• [Exercise details] Below are some records: retype them all exactly, but not the pictures.

Caption-style text data
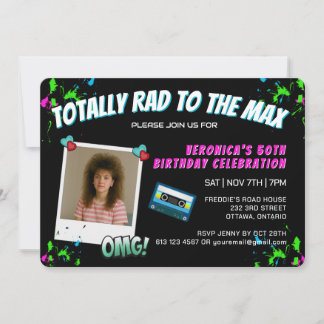 Photo Totally 80s Retro Birthday Party Invitation Einladung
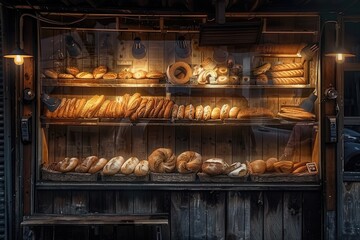 A picturesque street bakery with a display window full of various breads under soft lighting
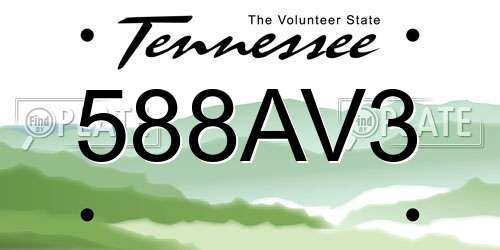 588AV3 Tennessee License Plate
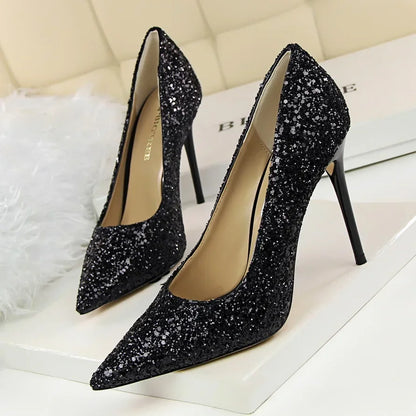 Women Luxury Bling Red  Blue Valentine Party Scarpins Pumps Lady Glitter Sequins 7cm 9.5cm High Heels Designer Shoes Plus Size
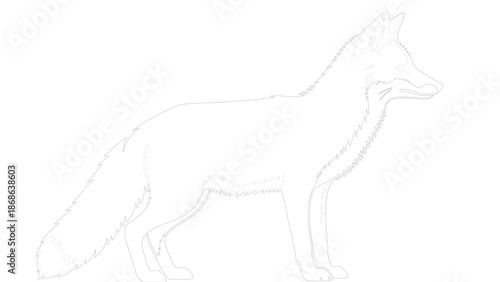 Stylized Black and Outline Wolf Illustration in Profile
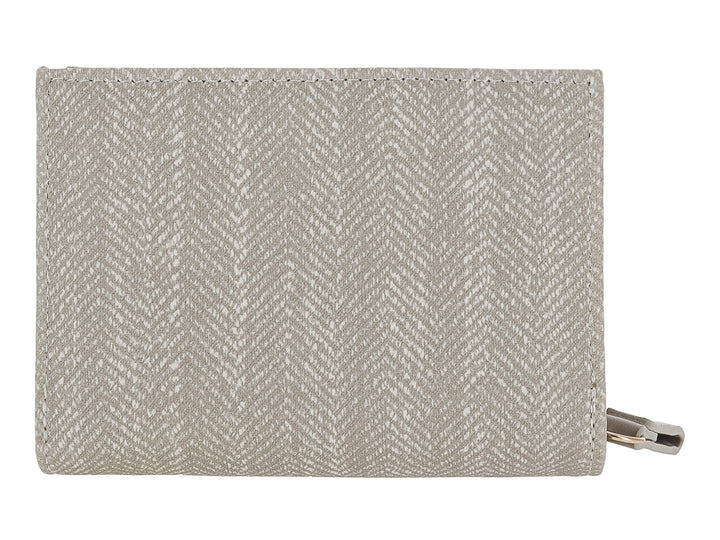 Monedero Felianna color beige con textura de tejido en patrón chevron y detalle metálico dorado.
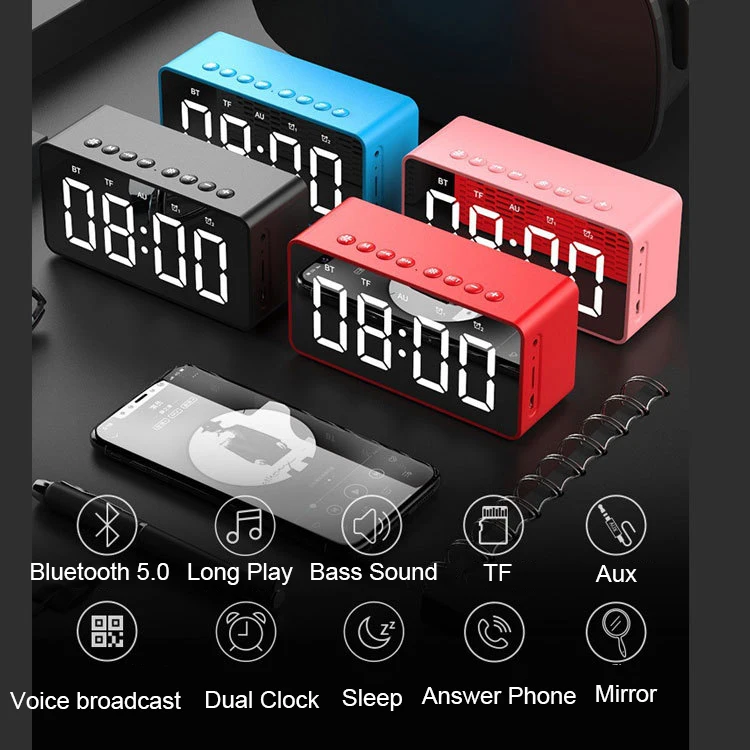 Bluetooth динамик сабвуфер беспроводной стерео музыка Soundbox с micphone светодиодный Будильник TF AUX бас 4D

• [Written response]
 Photo Totally 80s Retro Birthday Party Invitation Einladung
 A picturesque street bakery with a display window full of various breads under soft lighting
 588AV3 Tennessee License Plate
 Women Luxury Bling Red  Blue Valentine Party Scarpins Pumps Lady Glitter Sequins 7cm 9.5cm High Heels Designer Shoes Plus Size
 Stylized Black and Outline Wolf Illustration in Profile
 Monedero Felianna color beige con textura de tejido en patrón chevron y detalle metálico dorado.
 Bluetooth динамик сабвуфер беспроводной стерео музыка Soundbox с micphone светодиодный Будильник TF AUX бас 4D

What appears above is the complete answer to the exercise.